About the general tasting notes, these wines are full-bodied, containing aromas of red fruits and spice complement undertones of cranberries, wild berries, and plums. On the palate, the ripe tannins make for an incredibly rich, yet easygoing red wine.

About Food Pairing: The wine can pair with sausage, spicy curry sauces, hot soppressata, and tandoori chicken.

Two Wines of Cosenza: Addoraca and Magliocco




An expert of southern wines shall add to his/her list a real Mediterranean treasure: “Addoraca”

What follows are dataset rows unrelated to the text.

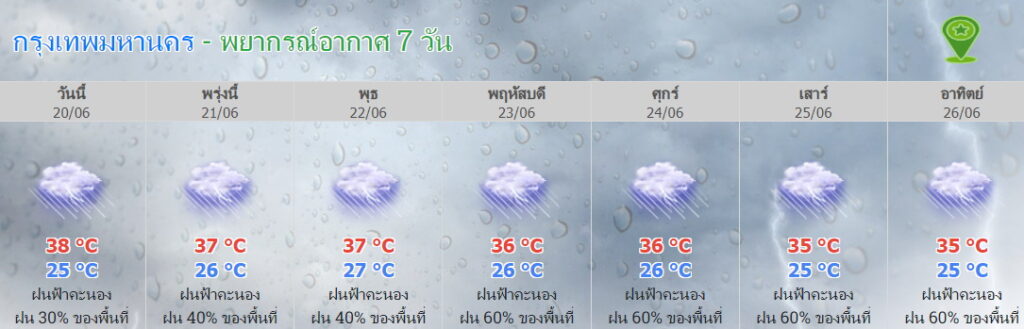 พยากรณ์อากาศ กทม 7 วันข้างหน้า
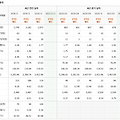 [개미일지] 경남스틸 - 18% 수익, 관심 종목 거래 내역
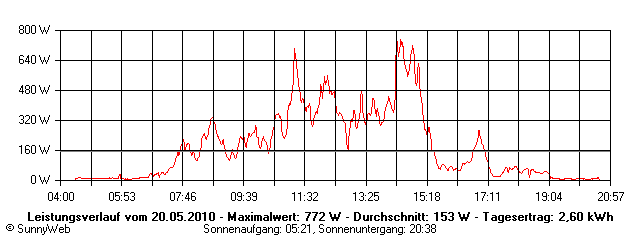 Grafik Tagesertrag
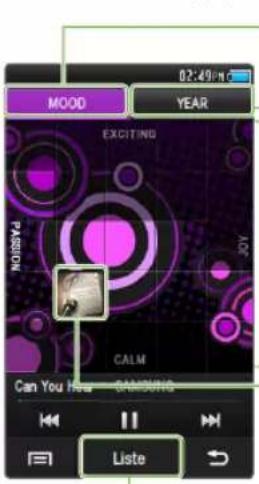 SAMSUNG YPR2AB - Utiliser de la fonction Music Square - 1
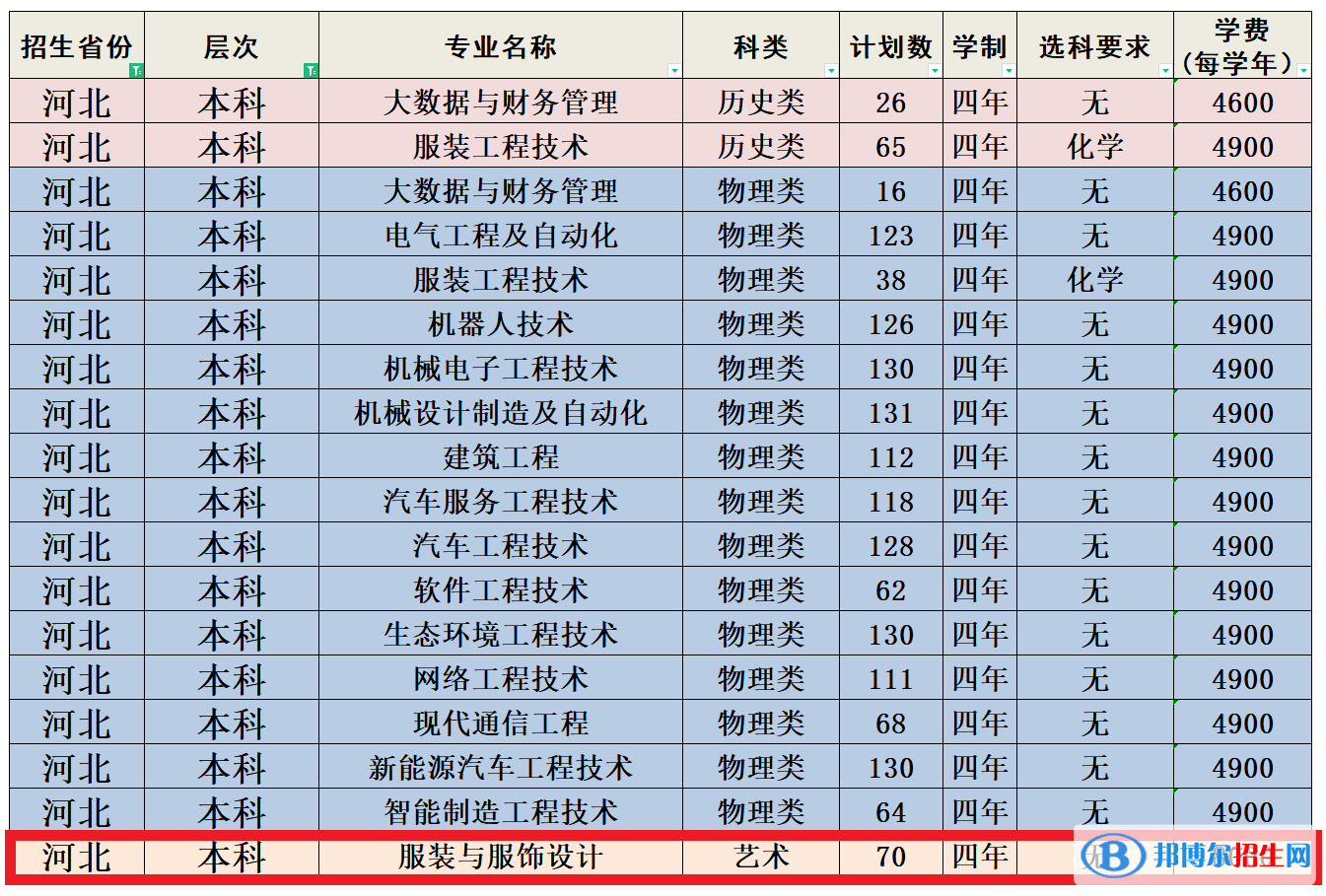 河北科技工程职业技术大学艺术类专业有哪些？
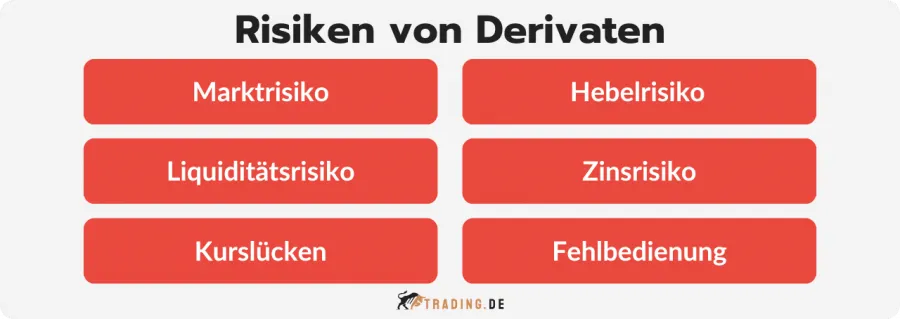 Risiken von Derivaten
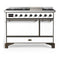ILVE Majestic III 48-inch Dual Fuel Range with 5 Liquid Propane Burner, Griddle and Solid Door Electric Oven in White with Burnished Trim (UM48FQNR3WHBLP)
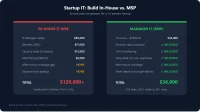 Startup IT cost comparison: in-house hire at $120,000+ per year vs MSP at $36,000 per year for 15 users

It is a white Italian wine grape variety, growing in the Calabria region of southern Italy where it is blended with Coda di Volpe bianca, Malvasia bianca di Candia and Muscat blanc à Petits Grains.

The roots of Addoraca are believed to pertain to the province of Cosenza, where in local dialect the name Addoraca means “perfumed”. There, the grape has a long history of being a minor blending component in the Moscato di Saracena dessert wine.

Addoraca is today used in the production of passito-style wines, exclusively found in the province of Cosenza in Calabria where it is most notably used in the production of the straw wine Moscato di Saracena. Another name of Addoraca is Odoacra.

This wine well represents Cosenza, a province containing 155 municipalities, plus a community of Occitan language (also known as Langue d’oc, speaking in Guardia Piemontese, where this minority was formed by Vaudoi or Waldensian movement members, who moved to Cosenza to avoid religious persecution, in the 13th and 14th centuries). The wine has a long history, as this town of origin, Cosenza.



Magliocco Dolce is another great wine coming originally from the area of Cosenza. Also known as Marsigliana nera, it is a red Italian wine grape variety that is grown mostly in the Calabria region of southern Italy, but its origins are on the La Sila plateau, where Magliocco Dolce may have originated.

A land near the lake “Lago Arvo” in the province of Cosenza gave raise to “Magliocco” grape and experts  believe that the name Magliocco means “tender knot” in Greek.

Therefore, potentially Magliocco Dolce (or Magliocco Canino) could have originated in Greece.  The connection with the lake “Arvo” is due to another name of this wine “Arvino”.

Nowadays, Magliocco is confounded with Gaglioppo or with Magliocco Canino, with Castiglione (particularly around Locride), Nerello Mascalese (in Sicily) and Nocera. Now its vineyard can be found in northern and western Calabria in the provinces of Catanzaro, Cosenza and Crotone.

Sometimes Magliocco Dolce has also other names: Gaddrica, Greco nero, Guarnaccia nera, Lacrima Cristi nera, Magliocco Tondo, Maglioccuni, Mangiaguerra, Nera di Scilla and Petroniere.



Cosenza began as a settlement of the Italic Bruttii tribe, and became their capital before the Romans invaded the area. The town was also conquered by the Romans in 204 BCE and was named “Cosentia”, then it was invaded by the Visigoths, by Byzantines and Lombards.

The city escaped the devastation of Lombards and Saracens, then by the first half of the eleventh century Calabria became a feudal dukedom of the Normans, with Cosenza as capital.

Afterwards, the Emperor Frederick II promoted the town, which grew until 1432 when King Louis III of Anjou settled in the castle of Cosenza with his wife Margaret of Savoy.

Since that time Cosenza knew a long list of military occupations. The Spanish army conquered it in 1500 and in 1707 the Austrians succeeded the Spanish in the Kingdom of Naples, followed by the Bourbons. From 1806 to 1815 Cosenza was subject to French domination and in 1860 Garibaldi’s troops added Cosenza to the new Kingdom of Italy.